10 ways to make old software run on Windows 7
Whether it’s a critical application or an old game you want to play again, the march of progress doesn’t mean you’re cut off from the past.
So what do you do to make Windows XP programs work in Windows 7? And how do you make Windows 3.1 programs or DOS apps run in Windows 7?
Follow our tips to run old software on Windows 7 and you can get your retro kicks on your ultra-modern PC.
1. Download XP mode
Most Windows software retains its compatibility with Windows 7, with the main exceptions being drivers (which you’ll want to upgrade anyway), installation programs (which have an annoying tendency to assume that any operating system they don’t recognise is old) and 32-bit applications in a 64-bit OS.

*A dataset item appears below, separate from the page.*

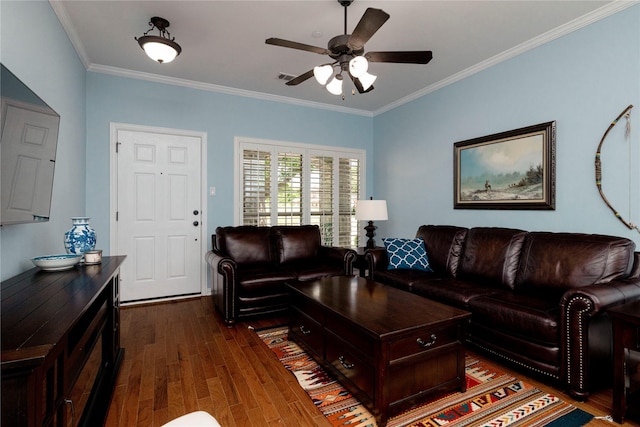 5798 Antique Rose Trl, Fairview, TX 75069 - living area with ceiling fan, crown molding, and dark wood finished floors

If you have the Professional, Enterprise or Ultimate edition of Windows 7, you can download XP Mode – which is really Virtual PC – for free.
Otherwise, grab Virtual PC 2007 from the same place. For an alternative, try VMWare Server (free) or Workstation (£143), from www.vmware.com/products/server. You’ll have to supply the copy of Windows yourself though, and install it from scratch.
2. Try out a compatibility mode
Short of emulation, your only option for old Windows programs is a compatibility mode. Right-click a program, choose ‘Properties’ and open the Compatibility tab. This rarely seems to work, but it’s worth a shot.
Set the program to run in compatibility mode for any of the supported OSes, which range from Windows 95 to Windows Vista, along with their service packs. The other options on this screen, including ‘Run in 256 colors’ and ‘Run in 640×480 screen resolution’ do exactly what they sound like, but are rarely useful these days.
3. Set up a dual-boot
If your software doesn’t run directly, you can set up a dual-boot system and install both operating systems. It’s not just a case of running the setup routines, though – you’ll need to install them in the right order, partition your drive and have devices that each version can use.
That modern soundcard driver won’t work on a ten-year-old operating system, even if it works the other way round. See this page for a full guide to dual-booting almost every major combination.
4. Downgrade Windows 7
If you have a lot of old software that you need to get running, you can’t simply switch into a compatibility mode to get 32-bit programs running in a 64-bit OS. They may work, but they may not.
If you get an error message when you try to run one, your only recourse is to step back yourself. Windows 7 comes with an installation disc for its 32-bit version. You lose out overall if you have more than 2GB of memory though, so don’t downgrade on a whim.
5. Use older hardware
The nuclear option is to pick up old hardware and build a new PC. Look on Ebay and in second-hand markets, or ask friends and family if they have an old clunker they’re willing to donate. You can pick them up dirt cheap, but a Windows 3.1-era PC is the perfect machine for Windows 3.1 and its games and applications.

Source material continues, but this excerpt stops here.